23.10.2017, 10:57 Uhr

Wohnen Grüne Jugend setzt sich mit dem Wohnungsmangel in der Stadt Regensburg auseinander

Foto: Peter FerstlFoto: Peter Ferstl

Die Grüne Jugend Regensburg veranstaltete am Freitagabend, 20. Oktober, einen Infostand zum Thema bezahlbaren Wohnraum.

REGENSBURG "Jedes Jahr ziehen deutlich mehr Menschen nach Regensburg als neue (Luxus-)Wohnungen in der Stadt entstehen. Das führt zu einer massiven Wohnraumknappheit, die sich jedes Semester aufs neue zuspitzt. Hier müssen Studierende Bettenbörse und Notfallschlafplätze in Turnhallen in Anspruch nehmen. Doch wohnen ist ein Menschenrecht!", so Sprecherin Theresa Eberlein "Ein guter Anfang wäre hier Leerstände durch eine Leerstandskataster aufzuzeichnen und zu nutzen.

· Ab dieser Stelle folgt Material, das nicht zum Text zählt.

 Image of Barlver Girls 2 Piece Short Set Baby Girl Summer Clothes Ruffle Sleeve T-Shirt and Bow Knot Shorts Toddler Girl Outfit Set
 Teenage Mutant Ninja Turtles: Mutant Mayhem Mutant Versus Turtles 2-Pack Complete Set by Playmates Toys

Selbst in einer Stadt wie Regensburg gibt es in der Altstadt ungenutzte Flächen, wie beispielsweise das seit vielen Jahren leerstehende Gebäude an der Thundorferstraße, welches sich perfekt als Mehrparteienhaus renovieren liese."

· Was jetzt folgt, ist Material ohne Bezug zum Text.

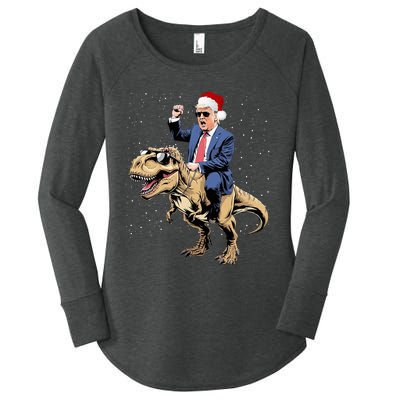 Trump Christmas Xmas T Rex Funny Trump Dinosaur Women's Perfect Tri Tunic Long Sleeve Shirt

"Wir müssen auch über eine Nachverdichtung des bestehenden Wohnraumes nachdenken und damit zusammenhängende Regelungen wie erforderliche Parkplätze erneuern.", ergänzt Sprecher Falk Birett. "Als Grüne Jugen Regensburg fordern wir eine Erhöhung des Wohngeldes, wie es beispielsweise im Bafög vorgesehen ist. Die Wohnpauschale von 280 Euro ist weltfremd! Auch muss die Einkommensgrenze für den Bezug einer Sozialwohnung erhöht werden."